Unternehmenschef Dr. Fritz Audebert sieht sein weltweites Unternehmen ICUnet.group besser aufgestellt als vorher.

Wie kommt ein Unternehmen durch die Corona-Krise, das ein weltumspannendes Netzwerk aufgebaut und von der Abwicklung internationaler Geschäftsbeziehungen lebt? Der plötzliche Lockdown hat Dr. Fritz Audebert, Vorstandsvorsitzenden der ICUnet.AG, fast verzweifeln lassen. „Hätten Sie mich Ende März gefragt, da war ich am Boden zerstört“, sagt der 54-Jährige, der sein Unternehmen mit 180 festangestellten und 350 freien Mitarbeitern von Passau aus führt.
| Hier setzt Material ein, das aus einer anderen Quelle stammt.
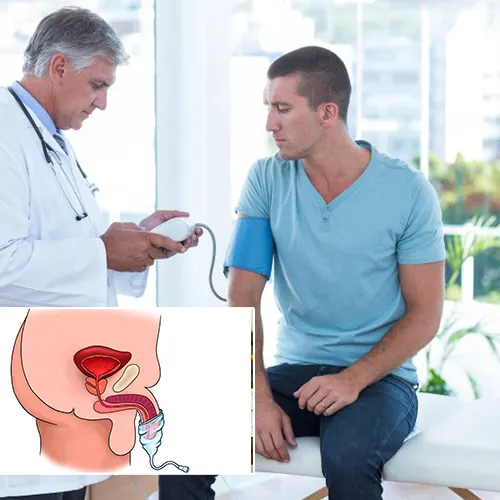 The Emotional and Psychological Benefits of Penile Implants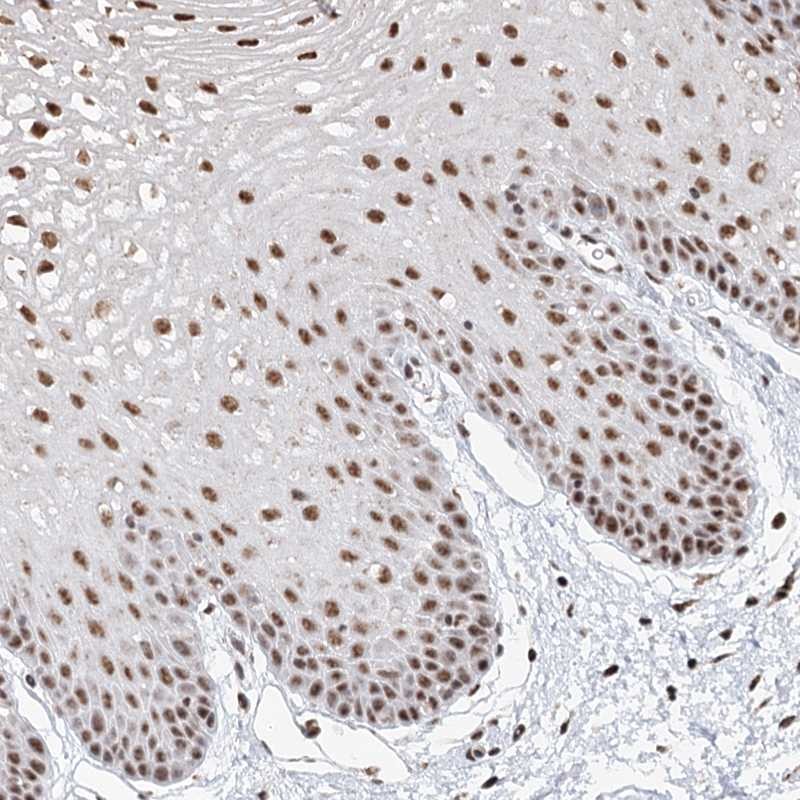 Anti-GPALPP1 Antibody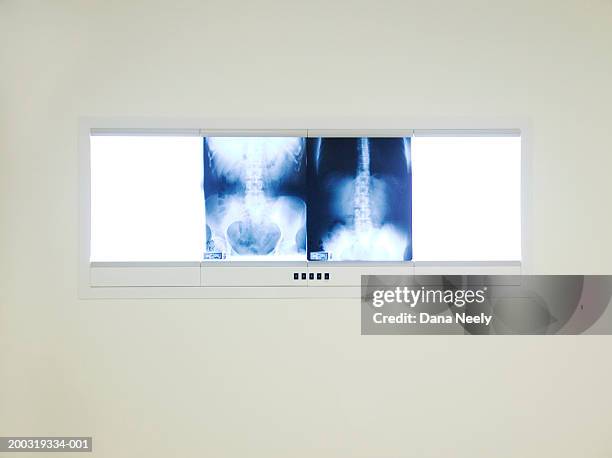 x-rays on lightbox - leuchtkasten stock-fotos und bilder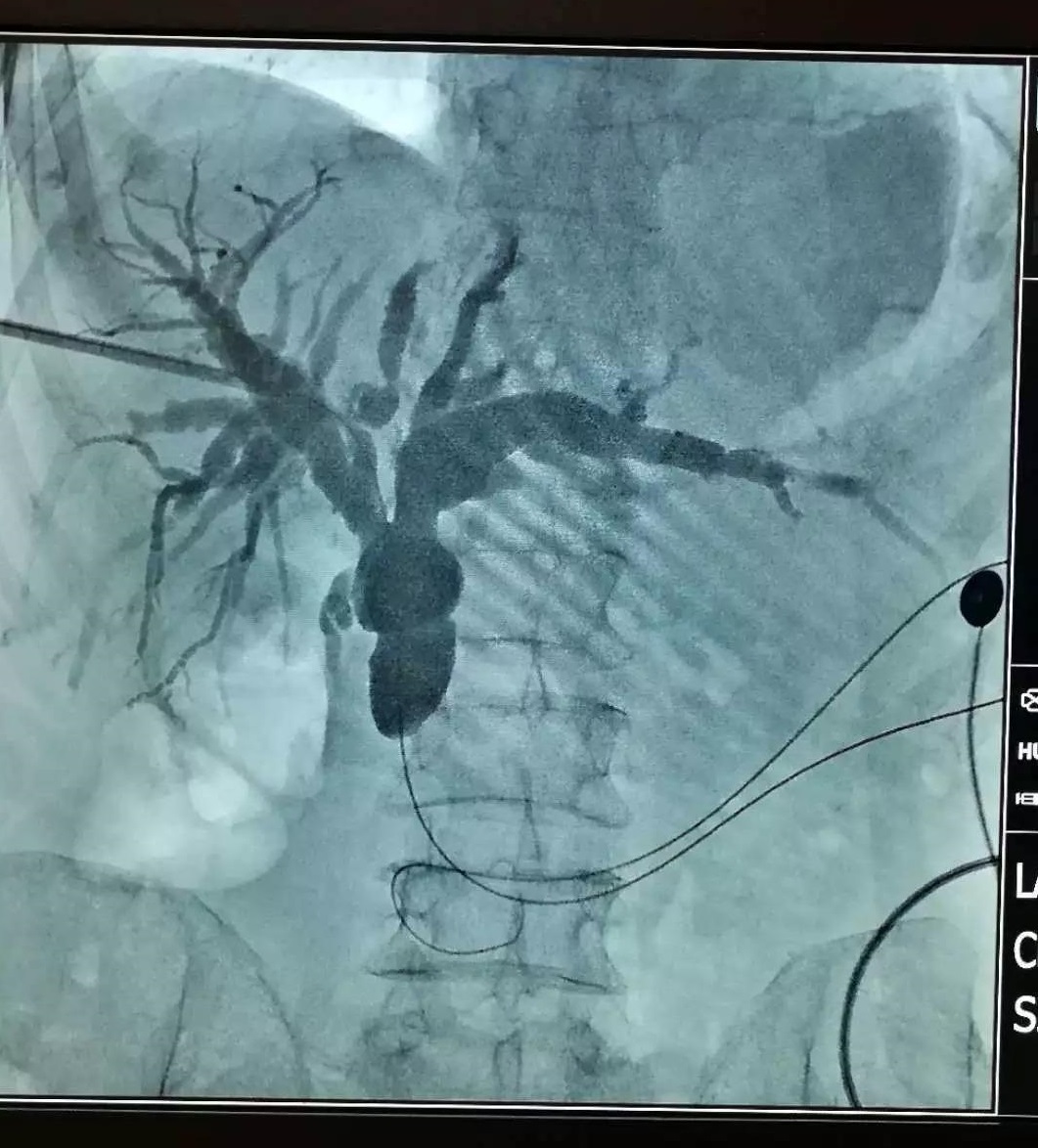 胆肠吻合术后胆瘘怎么处理,胆肠吻合口狭窄术后还会复发吗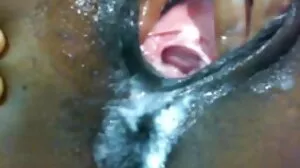 தோட்டி கூம்பு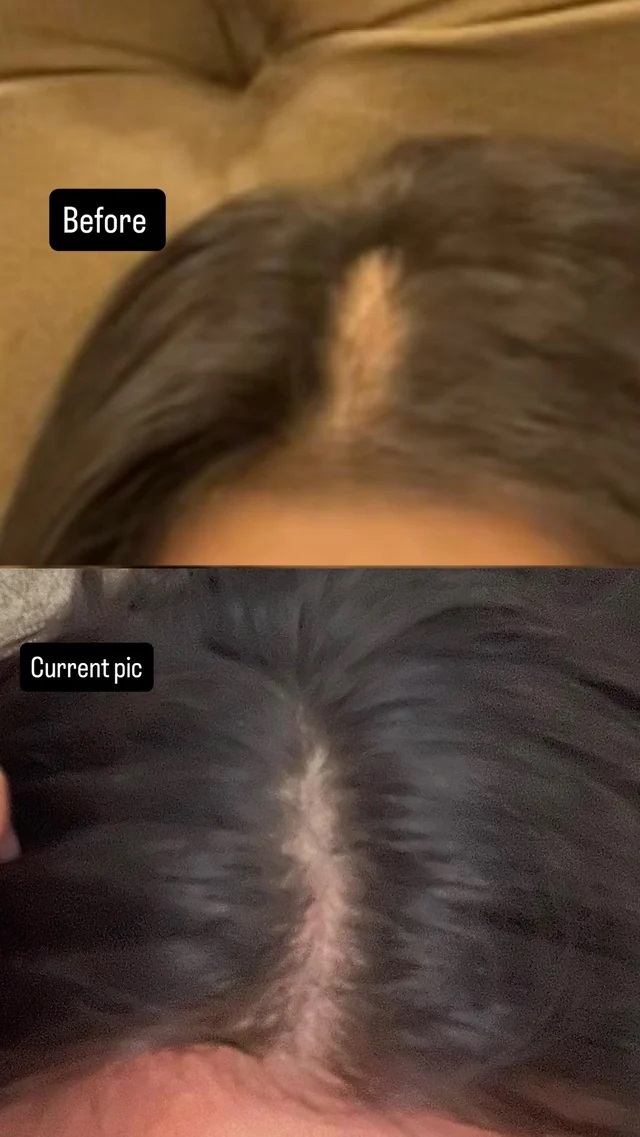 Before/after photo of a satisfied user after 5 months of Aminexil treatment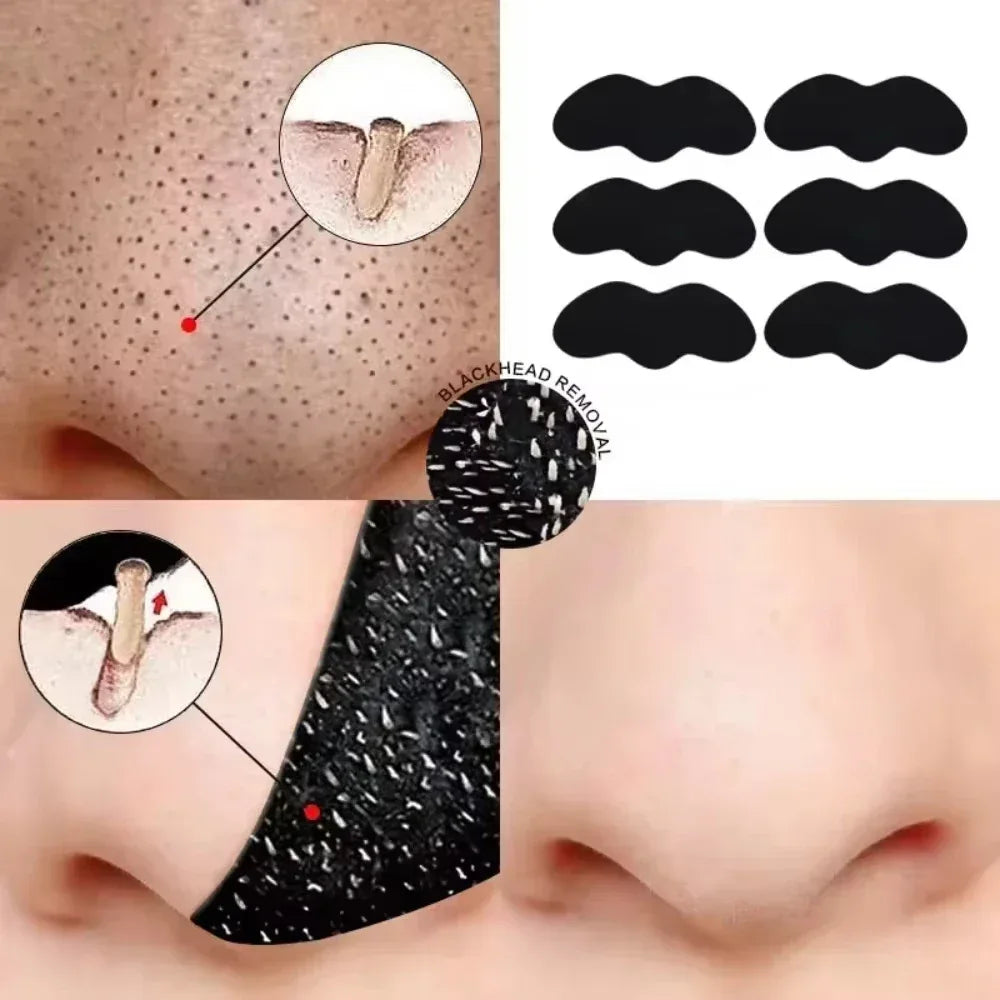 Blackhead Removal Nose Strips - liveify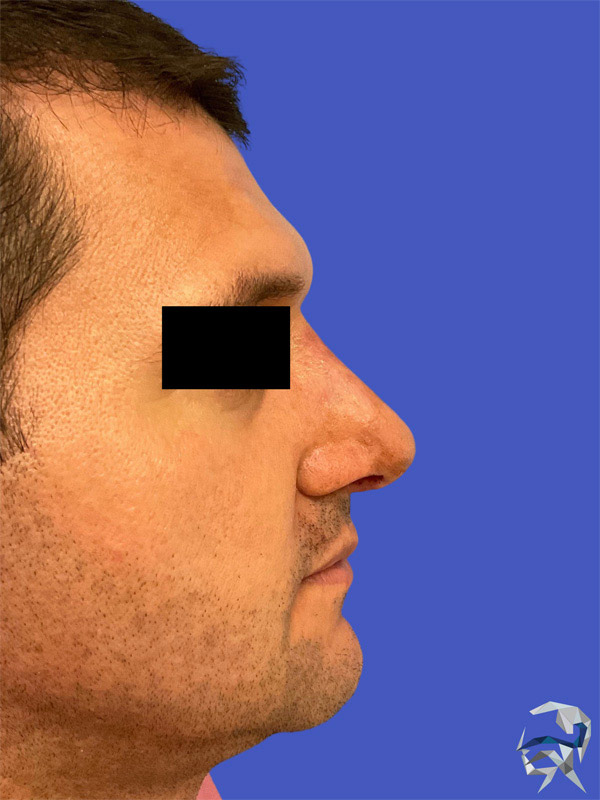 Dr. Brian Rotenberg Rhinoplasty male sample image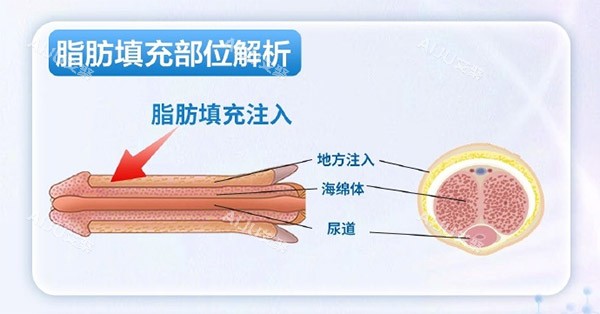 脂肪增大增粗照片 脂肪增大增粗照片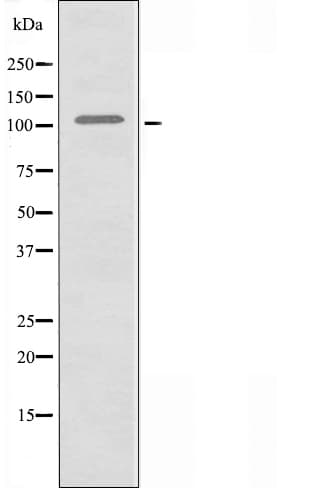 ITPKC Antibody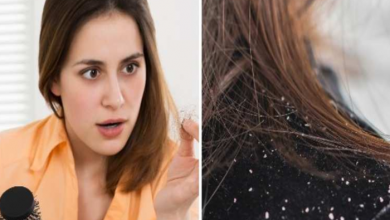 Photo of दो चम्मच नीबू का रस दूर कर सकते हैं आपके बालों से जिद्दी डैन्ड्रफ की समस्या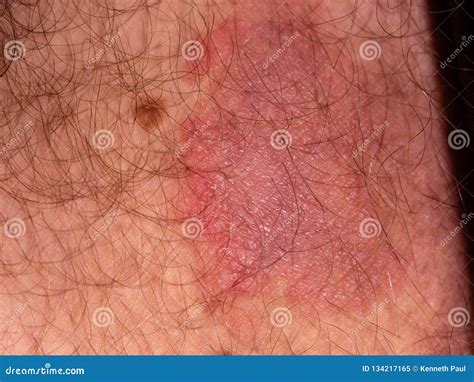 Fungal Infection On Skin Of Male Leg Stock Image Image Of Ringworm Dermatitis 134217165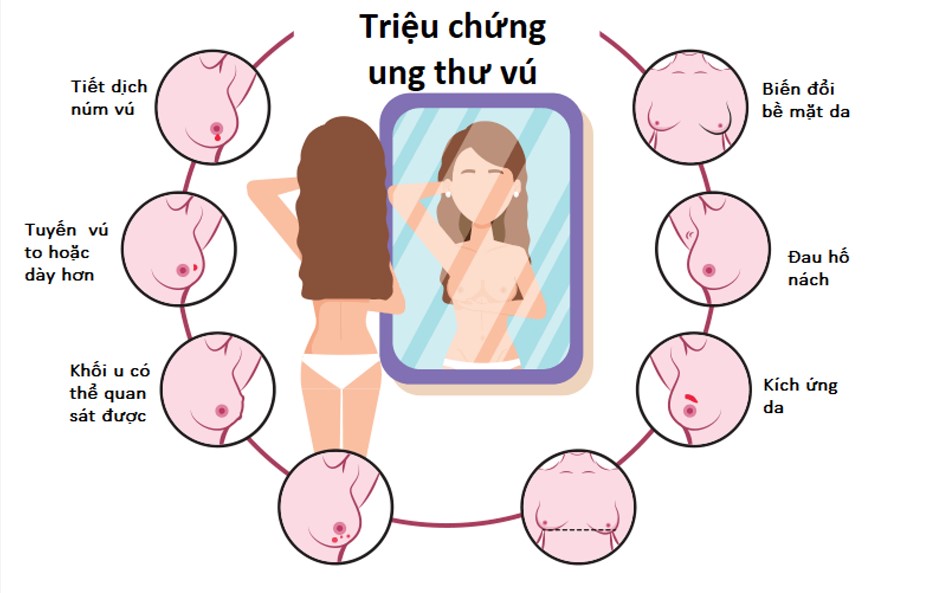 Hình 1: Những dấu hiệu nhận biết ung thư vú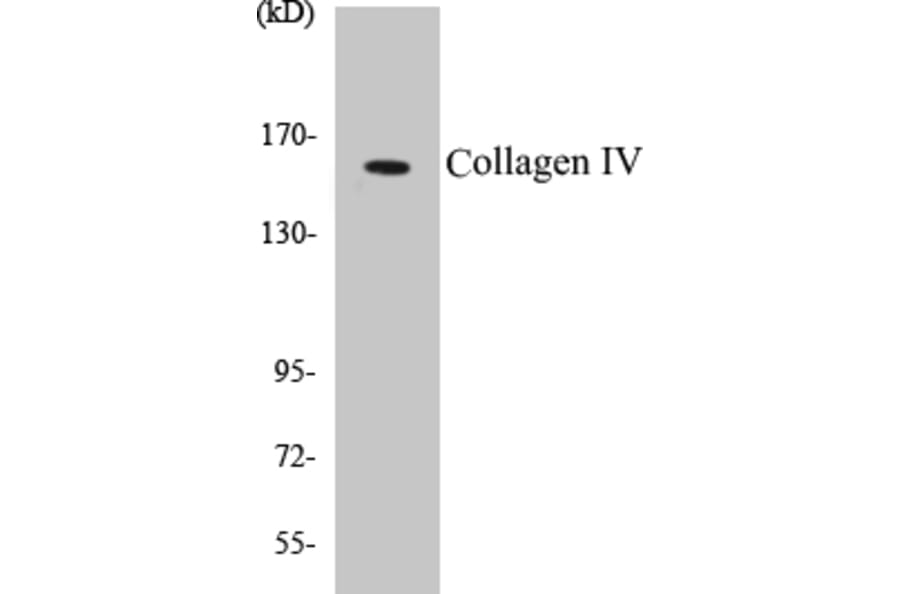 Western Blot - Collagen IV Cell Based ELISA Kit (CB5155) - Antibodies.com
Dass genau die Krise zur Chance wird und das Unternehmen mit 21 Filialen weltweit und einem Jahresumsatz von 16 Millionen Euro nun besser aufgestellt ist als vorher, hätte er vor sechs Wochen nicht für möglich gehalten. Die PNP hat sich mit dem Firmengründer über die Lage in Corona-Zeiten unterhalten.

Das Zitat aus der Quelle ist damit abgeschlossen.